The distributive property is a cornerstone of algebra that allows us to simplify expressions and solve equations efficiently. It is often represented by the formula: \( a(b + c) = ab + ac \) where \( a \) can be distributed over the addition inside the parentheses to create two terms, \( ab \) and \( ac \).

In the context of our exercise, the distributive property is slightly modified when dealing with exponents. Here, rather than distributing a coefficient over a sum, we distribute the exponent over the terms within the parentheses: \( (xz)^4 \) becomes \( x^4z^4 \) after distributing the power of 4 to both \( x \) and \( z \) individually. This step is crucial as it sets the stage for the multiplication that follows.

Understanding exponents, or powers, in algebra is essential for expanding expressions correctly. An exponent indicates how many times a number, known as the base, is multiplied by itself. The rule \( (ab)^n = a^n b^n \) used in our exercise is a powerful exponent rule that simplifies the process of distributing powers over products.

Visualizing Exponents

Imagine having four \( xz \) pairs and multiplying them all together: \( (xz)(xz)(xz)(xz) \). With algebraic shorthand, we write this as \( (xz)^4 \). The exponent rule then allows us to express this as \( x^4z^4 \) without writing out all four pairs.

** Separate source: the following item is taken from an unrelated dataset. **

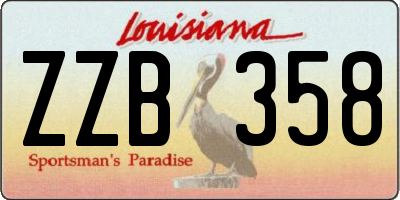 LA license plate ZZB358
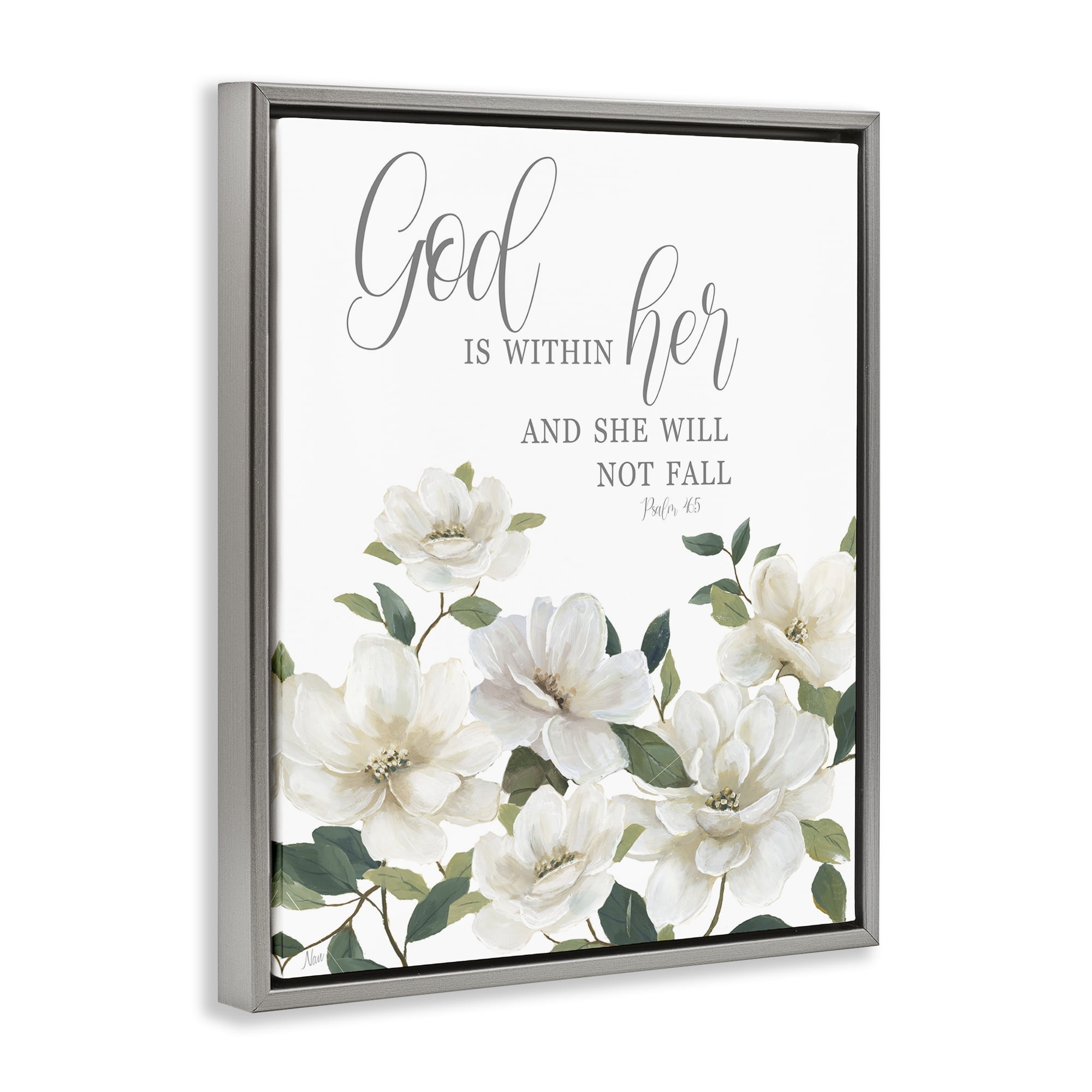 Stupell Industries God Is Within Her Gray Framed Floater Canvas Wall Art, design by Nan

It is one of many exponent laws that make algebra both more efficient and easier to grasp.

In practice, correctly applying exponent rules ensures accuracy when dealing with more complex expressions involving powers.

When expanding expressions, we often encounter the multiplication of polynomials, which involves distributing terms and combining like terms. In our exercise, however, we're looking at a simplified scenario where we only have monomials—single-term expressions.

Once we have distributed the exponent to get \( x^4 \) and \( z^4 \) from \( (xz)^4 \) in our previous steps, we proceed to multiply these monomials by the coefficient 2. We apply the basic multiplication rule of combining the coefficient with the monomials to get the final expanded form, \( 2x^4z^4 \).

In a broader sense, when multiplying polynomials with multiple terms, we would use the FOIL method (First, Outer, Inner, Last) or a similar strategy to expand and simplify the expression. Here, with just one term each, the process is straightforward.